Ranges with zero step

Xnartharax · January 4, 2020, 5:32pm

This is my first post here and English is not my native language so please excuse some (hopefully minor) mistakes.

I ran across a problem when trying to iterate over some cubic space. I want to give a function two corners of a space and a resolution for each axis. Then I want to iterate over each axis in nested loops to do something at every point in that space.

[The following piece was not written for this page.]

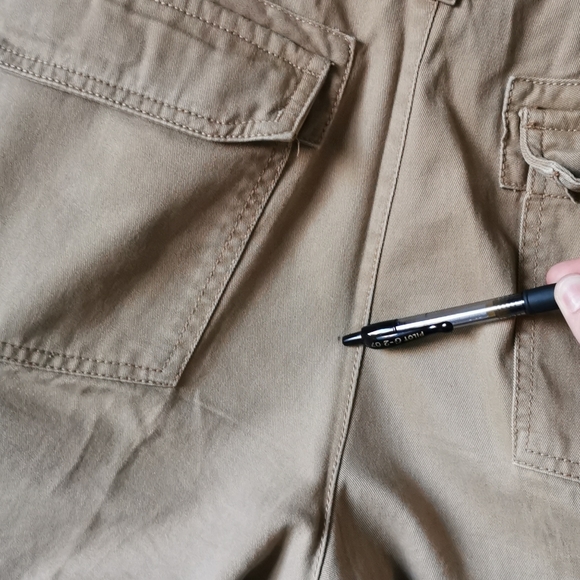 Izod Cargo Shorts - Picture 9 of 10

My code looks something like this:

corner1 = [0.0, 1.0, 5.0]
corner2 = [1.0, 2.0, 5.0]
res = [100, 100, 1]
steps = abs.((corner1 .- corner2))./res
for x=corner1[1]:steps[1]:corner2[1]
     for y=corner1[2]:steps[2]:corner2[2]
          for z=corner1[3]:steps[3]:corner2[3]
                  # do something with x, y and z
          end
     end
end

But, if you try to run that, julia will give me an error that I cannot create a range with 0 step. Under normal circumstances this would be reasonable. Here however the length of the range is zero anyway.

I came up with a very quick and hacky fix. The fucntion (:)(start::T, step::T, stop::T) where T<:Union{Float16,Float32,Float64} in twiceprecision.jl raised the error.
My function now looks like:

function (:)(start::T, step::T, stop::T) where T<:Union{Float16,Float32,Float64}
    step == 0 && start - stop != 0 && throw(ArgumentError("range step cannot be zero for non-zero length range"))
    if step == 0
        return 0.0:0.0
    end
    # rest of the function
end

My problem is solved by that. But I don’t think a proper fix is that easy.

Perhaps my approach on this problem was totally wrong and I have to tackle it different.

In any case I am happy about feedback and further advice.

tlienart · January 4, 2020, 5:36pm

How about

for x = range(corner1[1], corner2[1], length=100)
  for y = range(corner1[2], corner2[1], length=100)
    for z = range(corner1[3], corner2[3], length=1)
    #
    end
  end
end

?

Xnartharax · January 4, 2020, 5:38pm

Thank you. Didn’t know about the length feature. Just gets a bit messy since I have to use an enumerate, too. But it seems like the most elegant way to do it.

kevbonham · January 6, 2020, 2:23am

The range() function is really nice of you’re doing anything complicated. The colon syntax is lovely for simple things, but I find that the function itself is more clear and easier when things start to get messy.

help?>
search: range LinRange UnitRange StepRange StepRangeLen

  range(start[, stop]; length, stop, step=1)

  Given a starting value, construct a range either by
  length or from start to stop, optionally with a
  given step (defaults to 1, a UnitRange). One of
  length or stop is required. If length, stop, and
  step are all specified, they must agree.

  If length and stop are provided and step is not, the
  step size will be computed automatically such that
  there are length linearly spaced elements in the
  range (a LinRange).

  If step and stop are provided and length is not, the
  overall range length will be computed automatically
  such that the elements are step spaced (a
  StepRange).

  stop may be specified as either a positional or
  keyword argument.

  │ Julia 1.1
  │
  │  stop as a positional argument requires at
  │  least Julia 1.1.

  Examples
  ≡≡≡≡≡≡≡≡≡≡

  julia> range(1, length=100)
  1:100

  julia> range(1, stop=100)
  1:100

  julia> range(1, step=5, length=100)
  1:5:496

  julia> range(1, step=5, stop=100)
  1:5:96

  julia> range(1, 10, length=101)
  1.0:0.09:10.0

  julia> range(1, 100, step=5)
  1:5:96